The demographic variables are statistically significant and the estimates are virtually the same in both specifications. In line with the findings by Katchova and Ahern [3] that younger farmers are more likely to be growing than older BFRs, we find that older BFRs are slightly more likely to exit farming but the marginal impact is very small with an additional year of age associated with 0.1% higher increase in exit probability at the mean of about 45 years.
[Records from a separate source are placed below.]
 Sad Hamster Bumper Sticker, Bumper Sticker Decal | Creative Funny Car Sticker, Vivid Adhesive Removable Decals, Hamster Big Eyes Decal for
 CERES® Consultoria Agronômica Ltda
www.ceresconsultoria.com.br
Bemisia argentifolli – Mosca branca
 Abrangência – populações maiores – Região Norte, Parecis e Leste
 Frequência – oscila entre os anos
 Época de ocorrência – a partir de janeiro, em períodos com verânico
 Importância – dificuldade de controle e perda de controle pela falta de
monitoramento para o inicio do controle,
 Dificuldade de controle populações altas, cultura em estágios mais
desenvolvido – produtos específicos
An interesting result that we find is that the non-white minority BFRs are 3–4% less likely to exit than white farmers, which may be due to either new demographic group of minorities entering farming or younger minority farmers in rural areas having fewer alternative employment opportunities. Another important result highlighting the demographic difference associated with BFR exit is that those organized as family farms are 5.5% less likely to exit suggesting that, at least for some BFRs, farming lifestyle is a contributing factor in the decision to remain on the farm and carry out farming.
The final group of variables that affect BFRs exit are the climate variables. The results show that farm exit is only marginally affected by climate variability, in line with the literature suggesting that sensitivity of farming to weather is mitigated by risk management mechanisms such as insurance, borrowing, and disaster assistance and other government intervention programs. The strongest impact comes from the measure of rainfall variability, most likely associated with droughts. The magnitudes of the impacts of one standard deviation in the rainfall index variability are significant in spring and summer with the marginal impacts of 1.1% in the spring (vegetative stage when steady watering is important) and −1% percent in the summer.
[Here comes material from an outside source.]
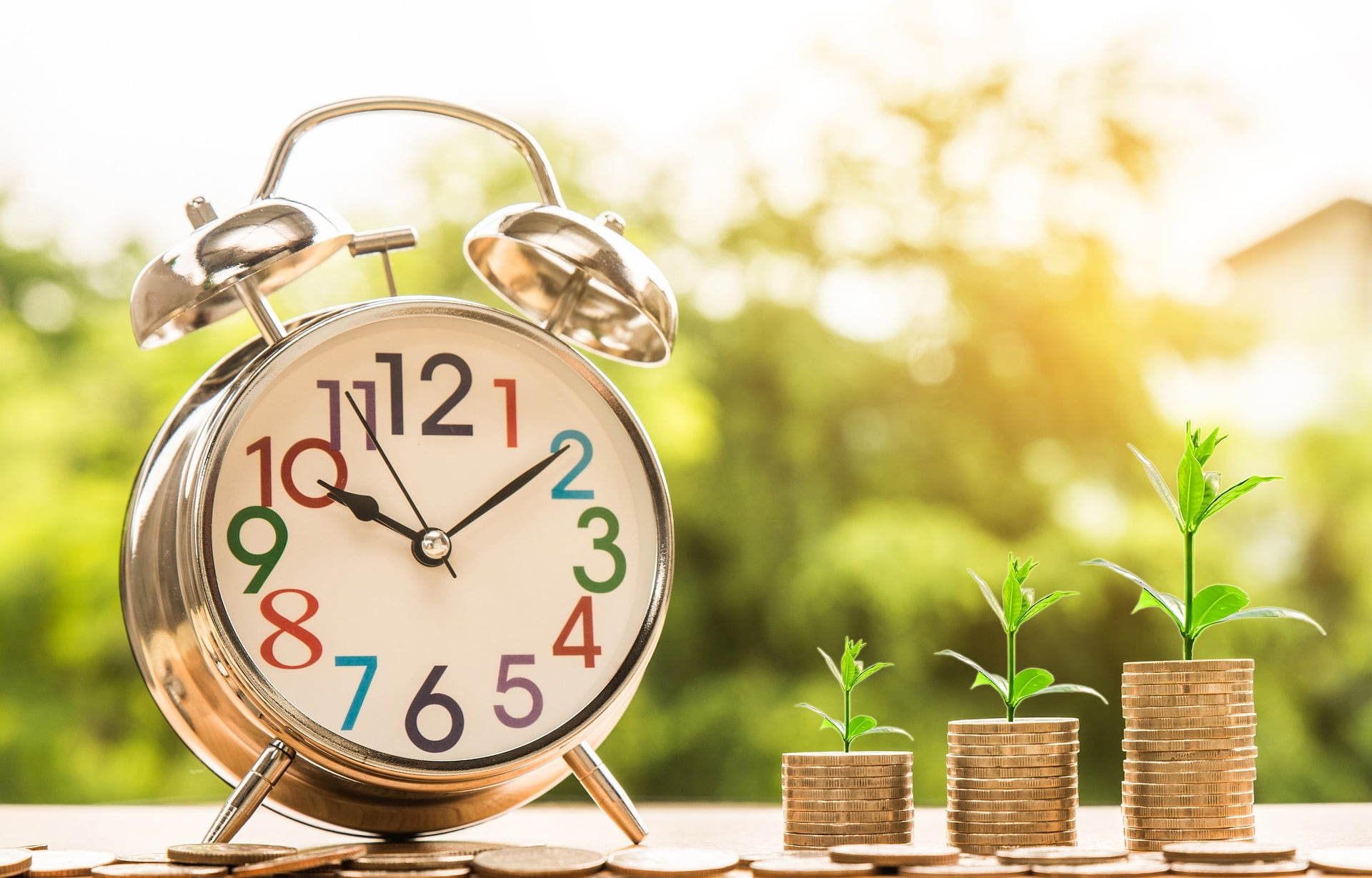 Alarm clock with growing plants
The upside and downside variability of the seasonal temperature has statistically significant but modest impacts on the exit probability. Since the degree day numbers vary a lot, we report marginal elasticities at the mean instead of semi-elasticities. Most notably, a one percent increase in winter HDD (colder) and a one percent increase in summer CDD (warmer, possible droughts) increase the probability of exit by 0.54% and 0.1%, respectively, which corresponds to 609 and 112 more farmers exiting over a 5-year census period. The larger impact of low winter temperatures can be attributed to the baseline of 65 °F used in degree day calculations and perhaps the additional costs of feed and heating in livestock farming in colder winters. The exit probability elasticities to the fall CDD (cooler) and spring CDD (warmer) are 0.02% and −0.12%, respectively. This does not conform with the agronomic literature indicating fall freeze damage risks to many crops, as well as empirically observed lower crop yields in years with particularly warm springs. These findings shed an interesting light on the observed decline in heating and increase in cooling degree days in the United States since the middle of the last century that is expected to continue with climate change, although adaptation is likely to dampen the impacts of temperature change in the long run.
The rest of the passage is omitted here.